# [Task description]
What you return must match, exactly, the lines running from the one containing "Used 2021 GMC Yukon Denali image 30" to the end of the data, both included, and must contain no pictures.

# [Source data]
· · · · · · ·

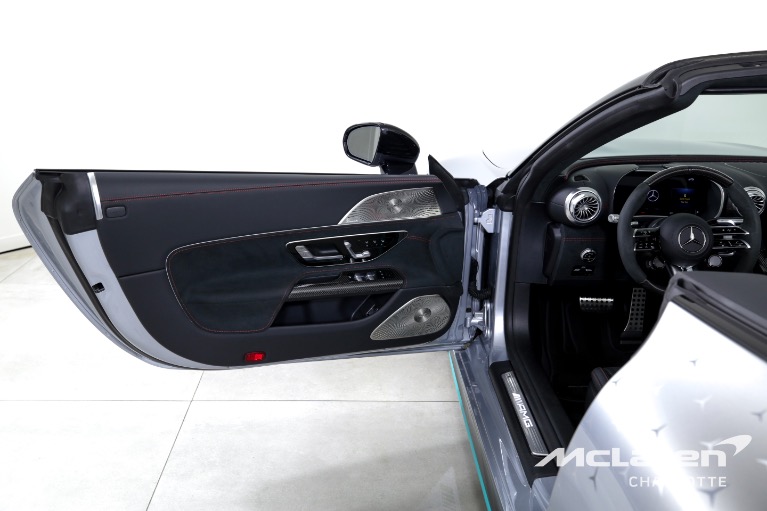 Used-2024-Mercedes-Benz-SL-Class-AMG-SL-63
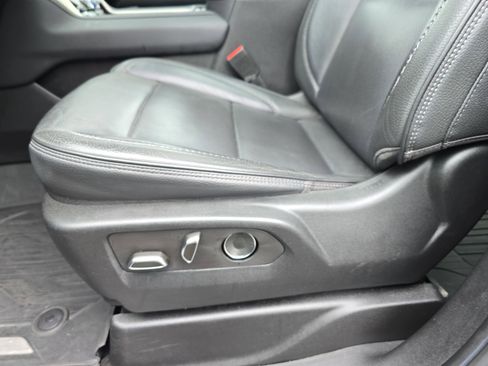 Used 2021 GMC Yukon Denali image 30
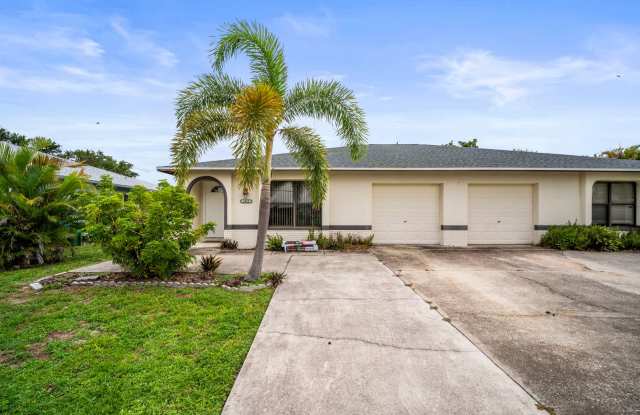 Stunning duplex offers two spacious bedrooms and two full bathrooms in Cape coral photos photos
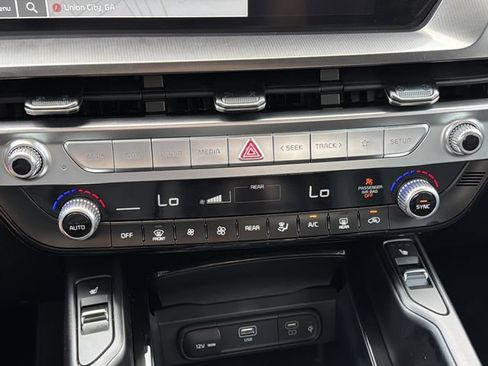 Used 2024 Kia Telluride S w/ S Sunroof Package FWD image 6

· · · · · · ·

# [Answer to the problem]
 Used 2021 GMC Yukon Denali image 30
 Stunning duplex offers two spacious bedrooms and two full bathrooms in Cape coral photos photos
 Used 2024 Kia Telluride S w/ S Sunroof Package FWD image 6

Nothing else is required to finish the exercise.